The evaluation means receives the voltage level of the voltage source and determines an average voltage necessary to propel the drive means. This average voltage is dependent upon the motor used and is modifiable per camera design requirements.
The modulation means then takes the average voltage and alters the duty cycle of the periodic signal, generally a sequence of drive pulses, such that the average voltage transmitted by the sequence of drive pulses equals the predetermined applied voltage necessary to propel the drive means. The periodic signal pulses is then transmitted to the drive means. The duty cycle is varied by the modulation means in a range spanning between zero and one hundred percent of the period of the periodic signal.
The reversing means terminates the exposure interval by signalling the modulation means to increase the pulse width of the sequence of drive pulses to one hundred percent of the period. The reversing means then switches a direction of current flow through the drive means such that the drive means drives the shutter to the blocking position.
The tractive means, which is mechanically connected to the shutter, biases the shutter toward the blocking position. The tractive means thus ensures that the shutter is held in a closed position until the bias of the tractive means is overcome by the drive means. The tractive means itself can comprise an elastic device such as a spring, an inertial plate acting as a clutch, or a mechanical latch.
The system as thus far described is configured for open loop operation which provides a level of performance that is well suited for use in a wide variety of photographic devices. For use in more sophisticated photographic devices, the performance level of the system can be extended by configuring it for closed loop operation. In this case, the system further includes exposure evaluation means; integration means; and terminating means.
The exposure evaluation means views the scene to be photographed and generates an output value representative of scene brightness. It then passes the output
value on to the integration means which integrates the output value over time to quantify an amount of light energy passing through the shutter. Once sufficient light energy has passed indicating proper exposure, the terminating means discontinues said sequence of drive pulses and then signals to the reversing means to close the shutter.
In further aspects, the invention provides methods in accord with the apparatus described above. The aforementioned and other aspects of the invention are evident in the drawings and in the description that follows.
Brief Description of the Drawings
The foregoing and other objects of this invention, the various features thereof, as well as the invention itself, may be more fully understood from the following description, when read together with the accompanying drawings in which:
Figure 1 shows a schematic diagram of a basic photographic device utilizing an exposure control system;
Figure 2 shows an block diagram of an exposure control system in accordance with the invention;
Figure 3 shows a series of timing diagrams for a camera utilizing the exposure control system of Figure 2.
Figure 4 shows a series of timing diagrams in accordance with the exposure control system of Figure 2.

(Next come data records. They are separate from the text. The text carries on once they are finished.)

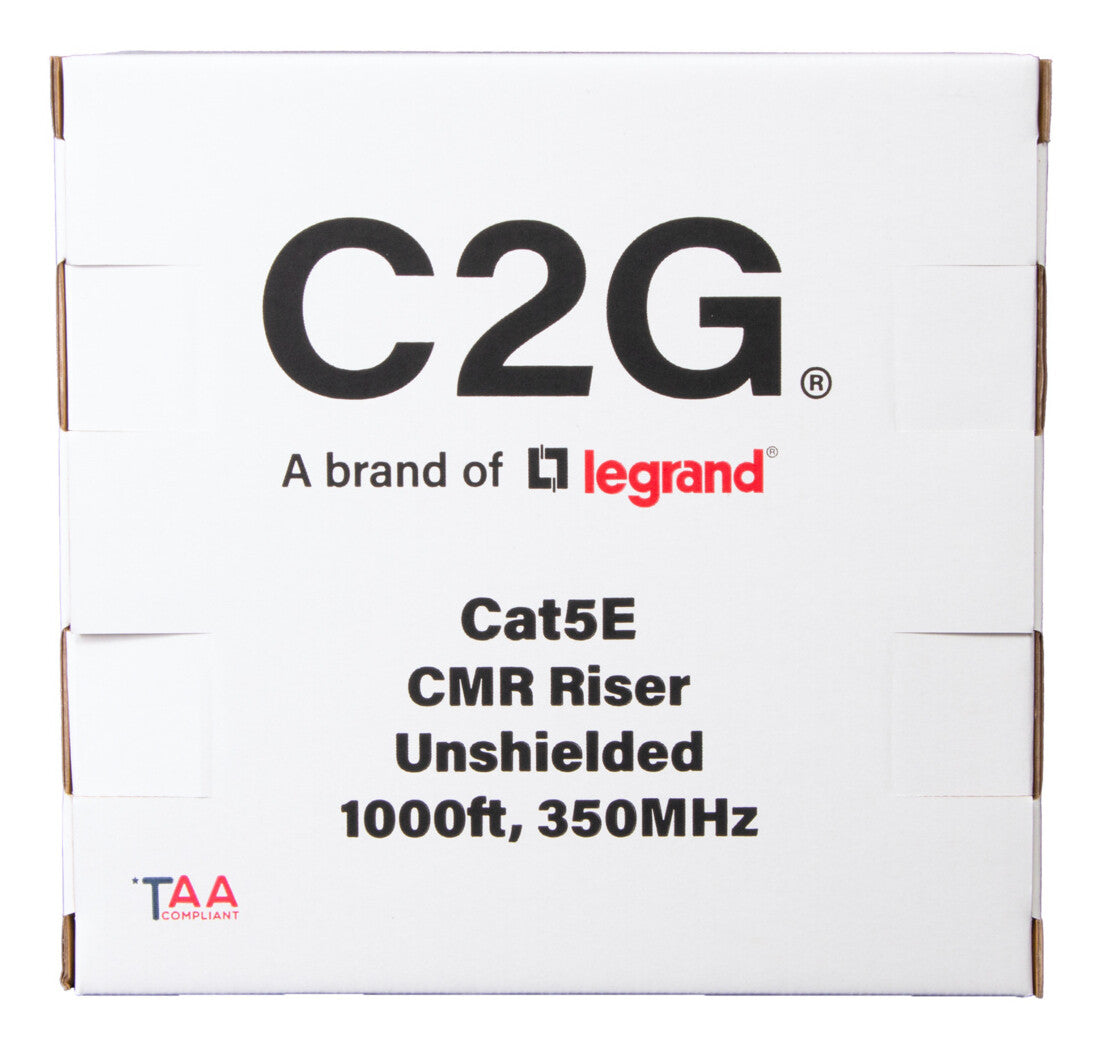 C2G 1000ft (304.8m) TAA-Compliant Cat5e Bulk Unshielded (UTP) Ethernet Network Cable with Solid Conductors-Riser CMR-Rated - Blue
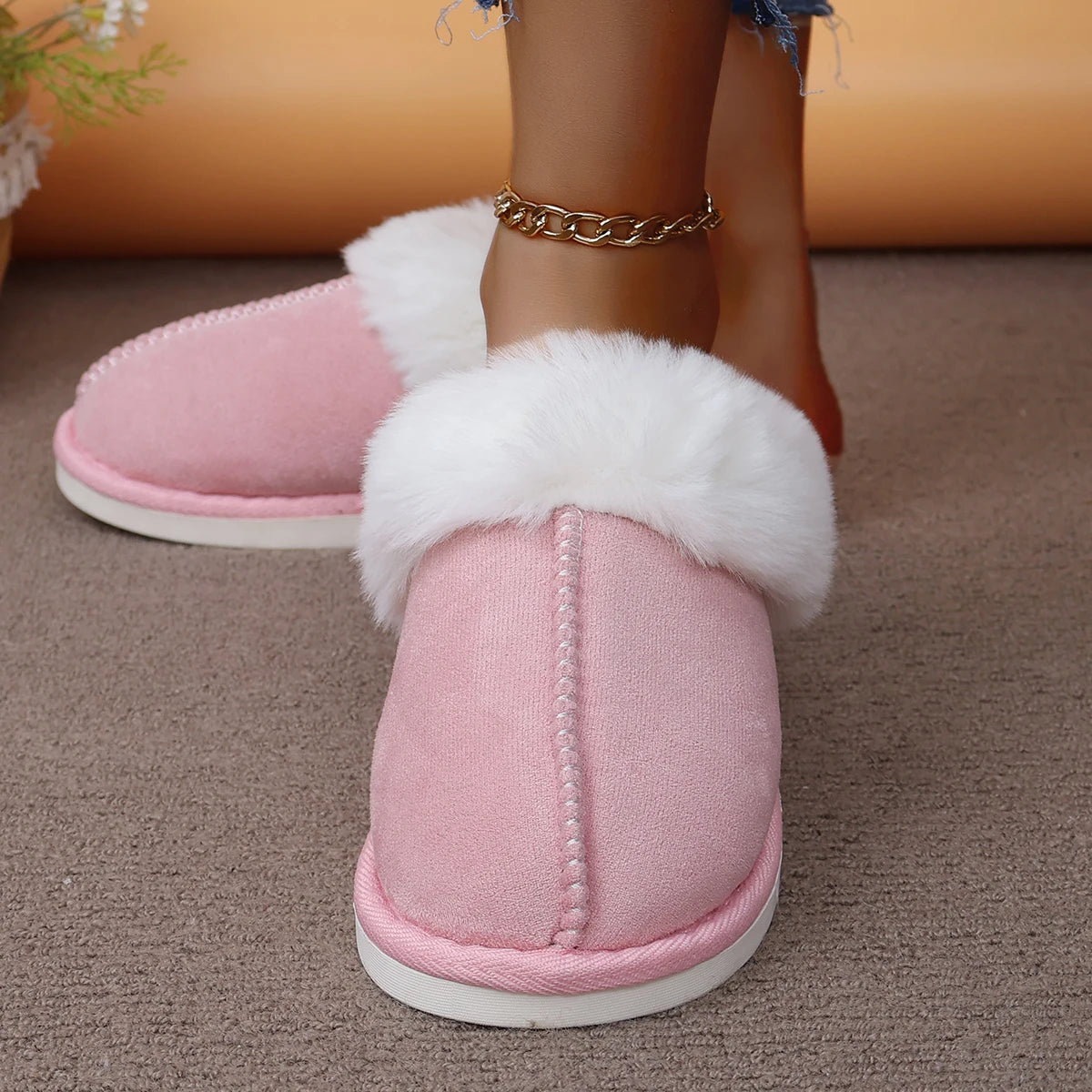 2025 New Women Slippers Lightweight Casual Indoor Slides Female Thicken Plush Home Shoes Woman Closed Toe Warm Cotton Slippers Zpaxo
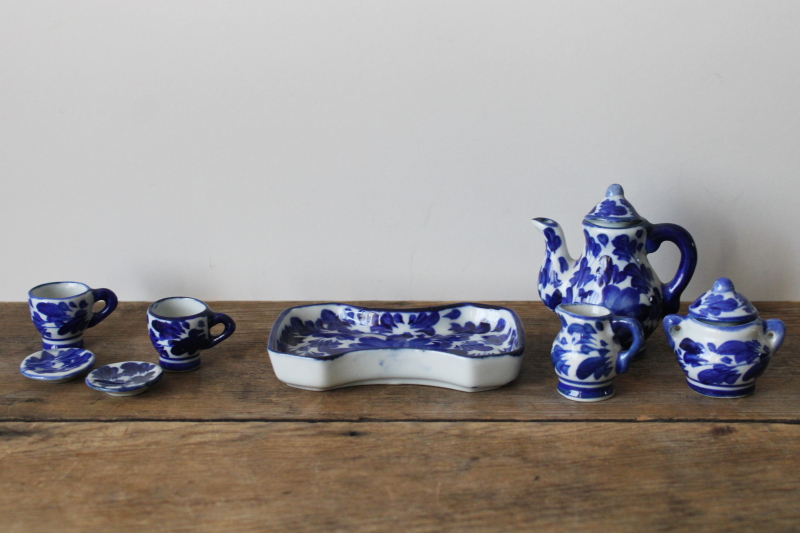 photo of miniature tea set doll dishes, vintage Delft style hand painted blue & white china  #1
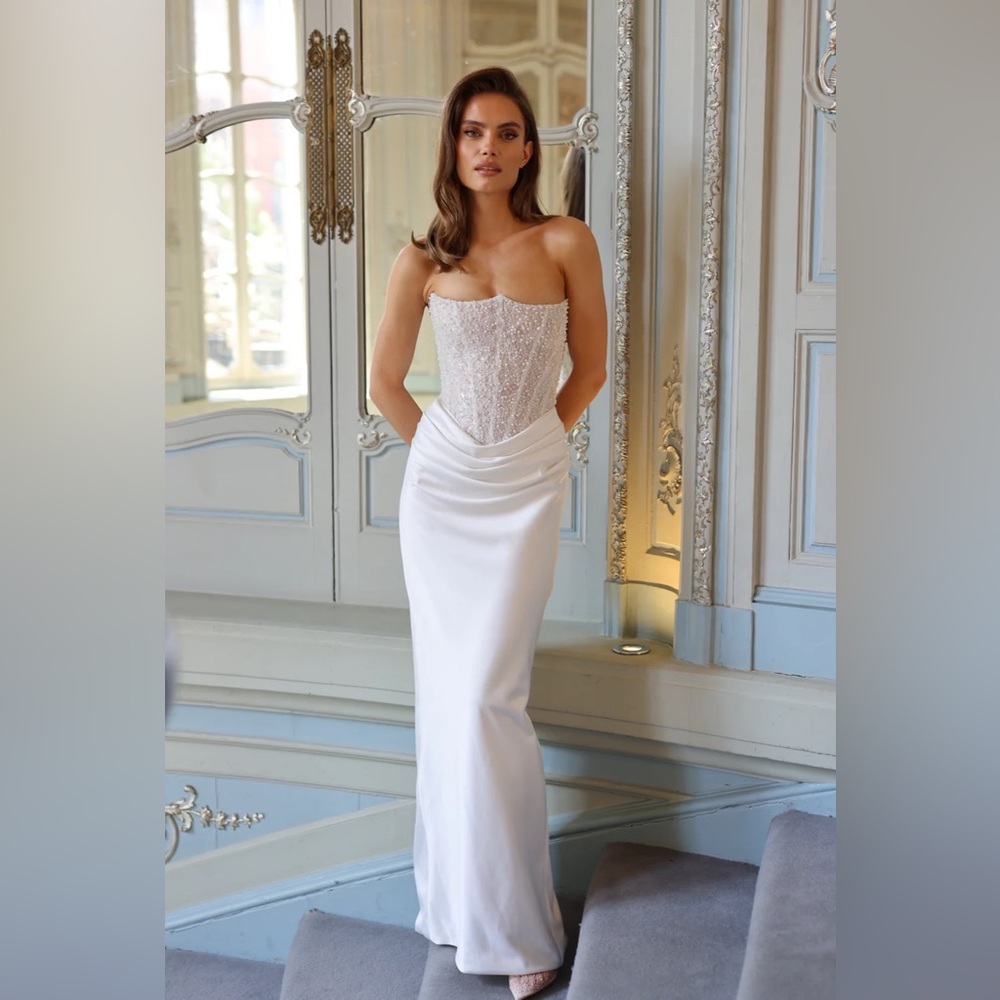 SOLD Rosie Etienne - Ophelia Gown - Elegant Strapless White Dress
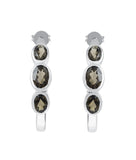 Graduated Smoky Quartz Earrings Set In Rhodium - Fashion Apparel 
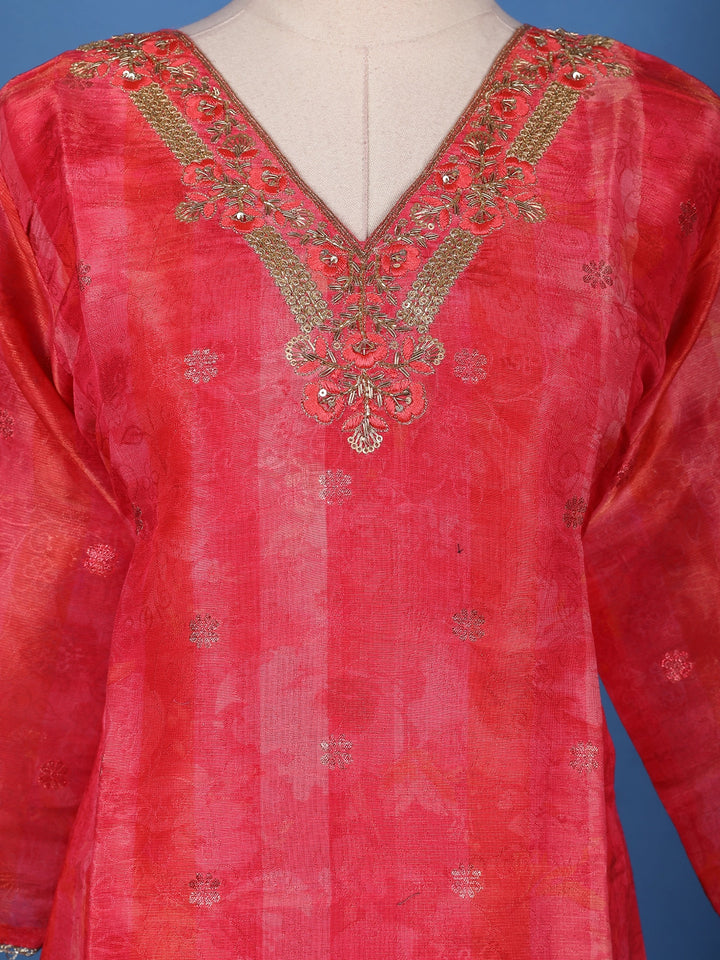 Queen Pink Sequins Floral Design Sequins Cotton Salwar Suit - Diadem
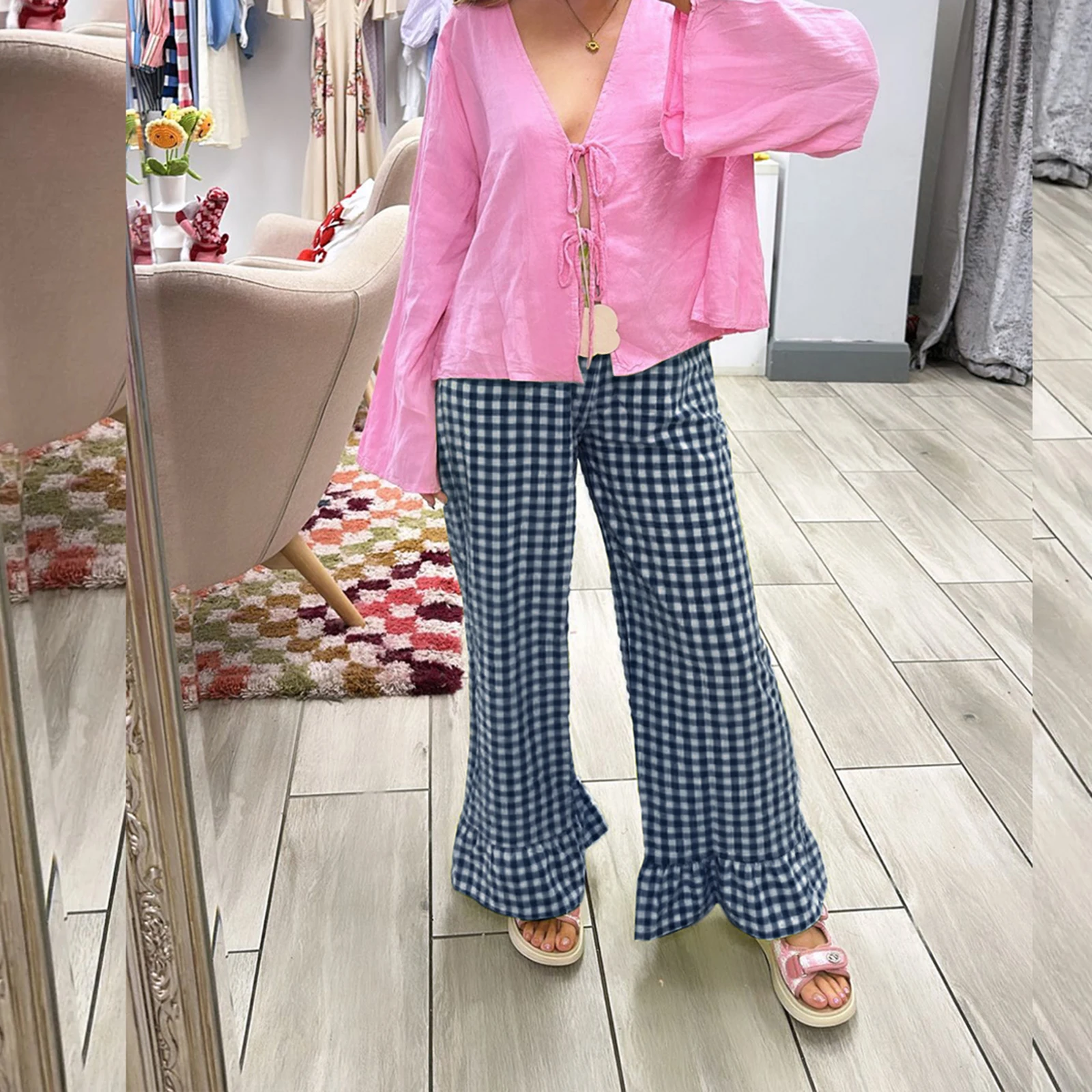 Gaono Women Y2K Plaid Print Flared Pants Ruffle Hem Gingham Long Trousers Elastic Waist Loose Fit Long Bottoms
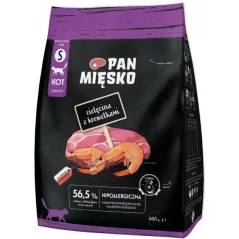 SUCHA KARMA DLA KOTA CIELĘCINA Z KREWETKAMI S 400G PAN MIĘSKO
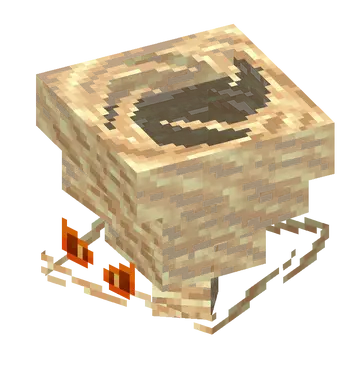 Blocky tan creature with orange eyes
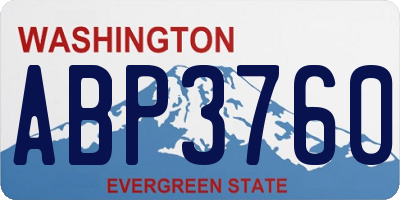 WA license plate ABP3760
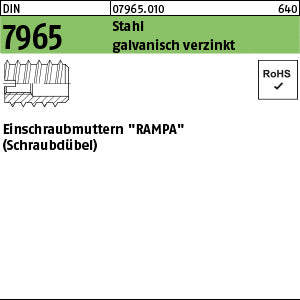 DIN 7965 Stahl galvanisch verzinkt, Außendurchmesser 6 mm - Einschraubmuttern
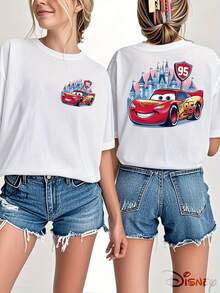 Disney, Before And After The 95th Lightning McQueen In Front Of Disney Castle, Printed Design, Romantic Healing T-Shirt, 100% Cotton T-Shirt, Street Style, Retro Couple's Style In Spring And Summer Of 2026, Gentle Atmosphere Top For Lovers' Dating Anniversary Disney Travel Girlfriends, Unisex, And Good Gift. - trắng - Xem 1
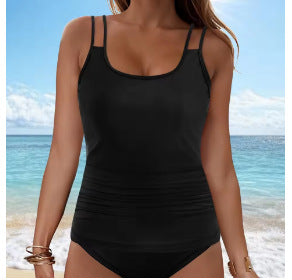 [Set] 2025 New Women's Split Swimsuit Digital Printing European and American Large Size Tankini Dropshipping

The invention may be embodied in other specific forms without departing from the spirit or essential characteristics thereof The present embodiments are, therefore, to be considered in all respects as illustrative and not restrictive, the scope of the invention being indicated by the appended claims rather than by the foregoing description, and all changes which come within the meaning and range of equivalency of the claims are therefore intended to be embraced therein.
Detailed Description
While the present invention retains utility within a wide variety of photographic devices and may be embodied in several different forms, it is advantageously employed in connection with a fully automatic singular lens self-developing type of camera. Though this is the form of the preferred embodiment and will be described as such, this embodiment should be considered illustrative and not restrictive.
Figure 1 is a basic illustration of a photographic device 10 employing the exposure control system of the invention. In the Figure, the sun is presenting a source of natural illumination that is reflected off a subject of a photograph and its background. The reflected iUumination, or scene brightness, is then collected by a lens 12 in the photographic device 10 as indicted by dashed lines. The reflected light passes through an aperture 13 created by opening a shutter 14 which is normally held closed. The shutter is opened by a motor 30 which is driven by an exposure control system 18. The exposure control system 18 uses preprogrammed knowledge of the photographic system to govern the amount of light through the aperture 13 during an exposure interval and an appropriate signal is used to direct the motor 30 to drive open the shutter 14 until the proper amount of light enters.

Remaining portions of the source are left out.